I picked one up from my friend Jared at Salt Lake Comic Con. It’s incomplete (missing the prisoner restraints and radar dish) and the front wheel is broken, but I got a good price on it. Jared was unaware of the sound functions at the time, and we had a great conversation about it. Thanks, Jared!
I had recently assisted my friend Brandon in repairing the sound in his, so I felt confident I could do the same on this one. As usual, I started with a good tear-down and cleaning. I wasn’t too worried about the stickers, as some were already missing and the rest were badly flaking and peeling. The battery terminals were badly corroded, so that was a first order of business as well.
To disassemble the transport, begin by removing several screws from the bottom. Don’t worry about the screws on top – yet. These hold the sound unit in place. Once the screws in the bottom are removed, the top and bottom of the toy hinge open. Swing it open, then work the body off of the pegs on the base.
if you flip the main body over, you’ll see the sound module. It’s a fairly simple yet ingenious setup: A small plastic “record” is turned by a motor. There’s a small plastic stylus that rides on the record, and a passive speaker cone sits on top of the stylus. No electronic amplification, just the vibration of the cone. If you ever put a needle through a paper cup then held it onto an LP, this is the same idea. The 2-position switch adjusts the speed of the playback.
To remove the sound module, remove the 3 screws on the top of the main transport body. Carefully remove the blue and black wires from the switch (they’ll just pull off) and slip the “wall” that the switch is mounted on out of position.
Now, remove the blue and red wires from the battery holder. Pay attention to where they go. If you get them backwards, the motor will run the wrong direction.
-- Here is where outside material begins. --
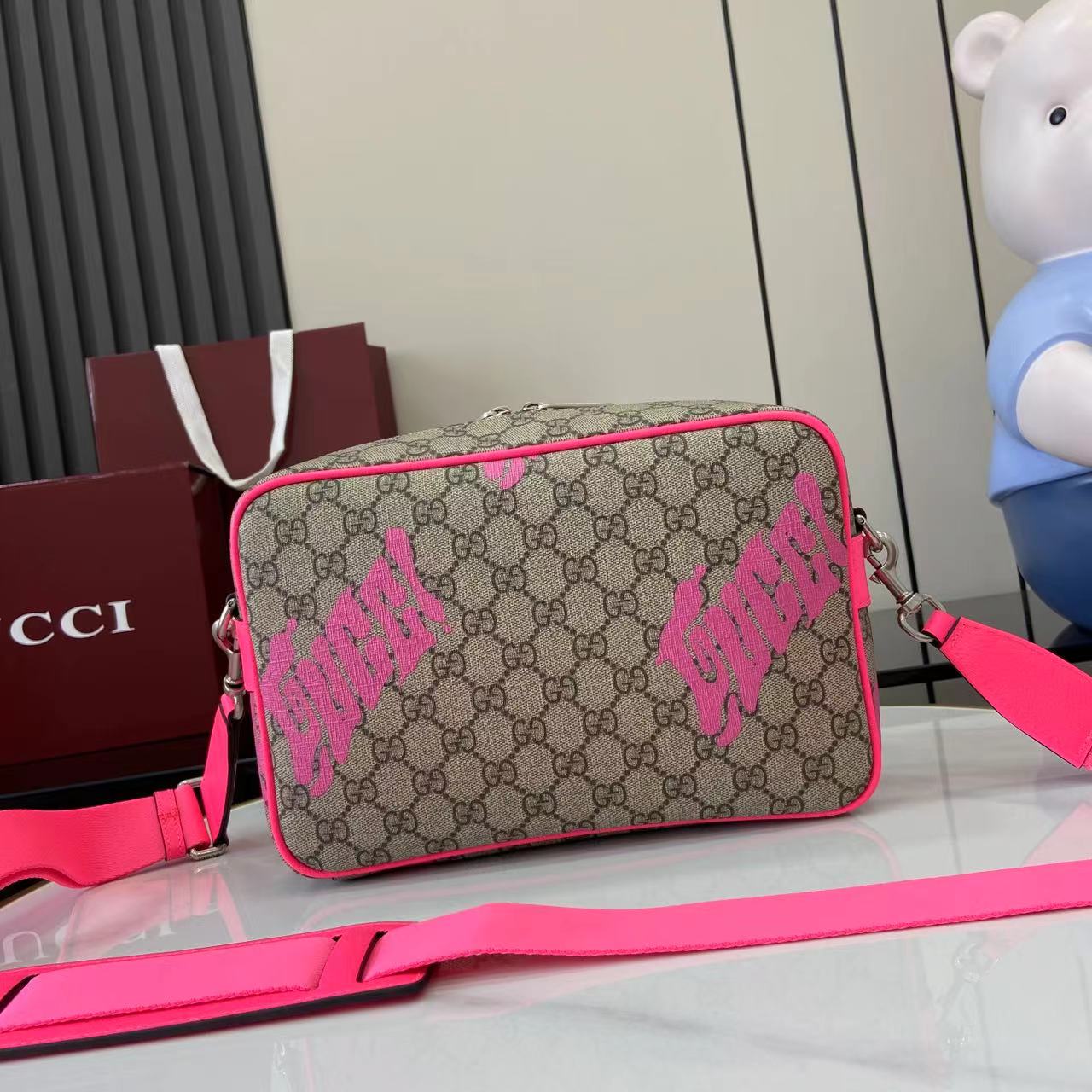 Gucci Medium Crossbody Bag With Print - DesignerGu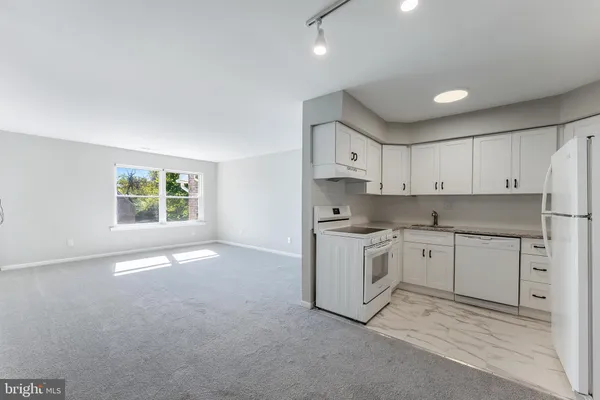 $174,900 | 406 Winding Way, Westville, NJ 08093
As with most of these vintage Star Wars toys, the motors seize up. In my experience, most of the time a couple drops of 3-in-1 oil (or WD-40) is all it takes to get them going. You can access the necessary spot to oil the motor without tearing the sound module apart. It can be seen here on the left:
If it’s easier, you can remove the screw that holds the top on, remove it, and have better access to the motor. BE CAREFUL here. There’s a small belt (a glorified rubber band) that runs around the motor shaft and turns the record. If you pull the motor out of place, the belt inside will slip off. Here you can see the sound module with the cover removed, and the small passive speaker cone.
I haven’t had to replace a belt, and I think tearing the sound module down far enough to do so could be very difficult. But, it could probably be done.
I took the sound module apart enough to see the record spin. Here’s a short video:
There’s also a small contact inside that triggers the motor. This is usually corroded and needs cleaned. Clean it gently with some cotton swabs and rubbing alcohol.
While you’re at it, clean all of the electrical contacts.
To clean the corrosion off the battery contacts, I used some 400 grit sandpaper. A wire brush on a dremel would work well too, just be careful to not damage the surrounding plastic.
Once I got the electronics working, I cleaned all of the plastic parts of the toy. I soaked everything (except the sound module) in a bath of warm water and mild dishwashing detergent. Then, I gently scrubbed with a toothbrush to remove the dirt from the crevices. I then allowed all of the parts to dry thoroughly, then polished the plastic with some Novus Plastic Polish.
Once everything was dry, I re-assembled the toy. It goes back together pretty easily. I then applied some replacement decals that I printed on sticker paper and sealed with 3 coats of Krylon crystal clear acrylic spray paint. I referred to a scan of the original instruction sheet I found online to get the decals in the correct places. I’m very happy with how it came out, it will make a nice addition to my collection!